Framing an urban job-generation scheme would be full of challenges but the case for income support to the badly off is clear

Migrant labourers go back to work for the Kochi Metro construction project after the government-imposed nationwide lockdown (Mint)Premium
Migrant labourers go back to work for the Kochi Metro construction project after the government-imposed nationwide lockdown (Mint)

A study by King’s College, London, and Australian National University said the covid pandemic could push global poverty to above 1 billion people once again. Much of the impact may be felt in the emerging Asian economies of India, Bangladesh and Indonesia. Covid-induced restrictions or adaptations and changes in modes of work, medical costs, and the resultant rise in unemployment, or employment at wages lower than earlier, manifest themselves as adverse shocks, which push vulnerable populations (those just above the poverty line) below the poverty line. Government initiatives have concentrated on the rural poor and micro, small and medium enterprises (MSMEs), the former easier to identify because of the socio-economic and caste census of 2011. Identifying the urban poor is a trifle more difficult, compounded by migration issues. That’s the crux of the problem, since the Pradhan Mantri Garib Kalyan Yojana (PMGKY), Pradhan Mantri Garib Kalyan Anna Yojana (PMGKAY), cash transfers to pensioners, widows and the disabled, the National Food Security Act, Pradhan Mantri Awas Yojana (PMAY), or the MSME package do not differentiate between rural and urban residents. Indeed, the Pradhan Mantri Street Vendors’ Atma Nirbhar Nidhi (Svanidhi) is specifically for street vendors. The hitch has been lack of identity, which would have been less of a problem had the 1979 Inter-State Migrant Workmen Act been enforced. Had that statute been enforced, urban job markets would have also become more formalized.
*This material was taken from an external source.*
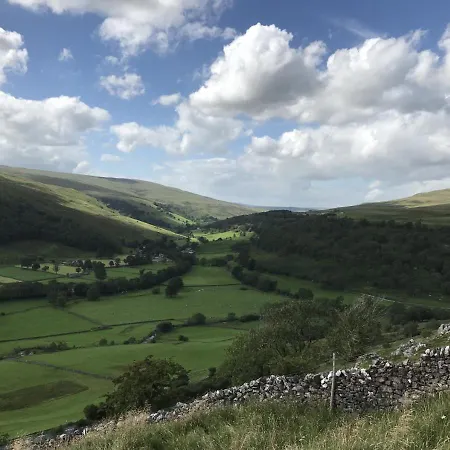 Long View * Kettlewell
Data on India’s economic contraction identifies construction, trade, hotels and other services, manufacturing and mining as the worst affected. While there are indications that the worst of the contraction is over, uncertainty over jobs and salaries is by no means over. Reliable employment data is often dated. Subject to that, less than 20% of the urban workforce works in the formal sector. This is a partially misleading statement, since though the sector may be formal, all workers in a formal sector need not have formal contracts. More than 80% of the urban workforce is thus informal. Of this, roughly half work for wages and the other half are self-employed. Anecdotes and localized small-sample surveys suggest covid and the consequent lockdown has adversely affected construction workers, domestic help, transport workers, street vendors, waste-pickers and sex workers. As the lockdown has eased, though pockets remain locked in parts of some states, indicators suggest an economic turnaround. However, a question remains. Should something be done for the urban poor who are salaried, since they have often lost their jobs or have been forced to work for wages less than half of what they used to earn earlier? The suffering of some segments is reflected in reduced discretionary expenditure. This doesn’t recover immediately, not when there is uncertainty over the future.

The idea of an urban counterpart to the Mahatma Gandhi National Rural Employment Guarantee Act (MGNREGA) is not new. It was mooted with the caveat that such a scheme should lead to the creation of assets, physical or in the form of human capital formation. This is akin to the Keynesian cliché of digging ditches and filling them up, though Keynes never said, or wrote, anything like that. That quote is attributed to Joan Robinson, who suggested Keynes might have said something like that. Closer home, employment-generation on infrastructure projects using government expenditure isn’t a new idea either. When Awadh was struck by a severe famine in 1784, Nawab Asaf-ud-Daula came up with a plan of employment for the construction of Lucknow’s Bara Imambara. The story goes that while ordinary citizens worked all day to erect the edifice, nobles would bring it down during the night in an 18th century version of the ditch-digging proposal.

The problems in devising an urban employment scheme are obvious but not intractable.

1) There is a problem with identifying workers, even if such a scheme is demand-driven and involves self-identification. There is no ready counterpart of MGNREGA job cards.

2) If urban job cards are to be issued, who will issue them? Are urban local bodies, with their myriad governance issues, in a position to do it? And, if job cards are used, will these be for an individual or for a household?

3) If the idea is that such a scheme should be demand-driven, the wages offered and the number of days of guaranteed employment must both be below market norms.

4) As with rural India, do ready infrastructure projects exist in urban India? Would land issues get in the way? One can’t readily employ people for micro-irrigation works, canals, ponds and wells in urban areas, and there is only a limited degree of freedom with buildings, parks and roads. Also, can one factor in some form of skill upgradation, perhaps through an apprenticeship programme?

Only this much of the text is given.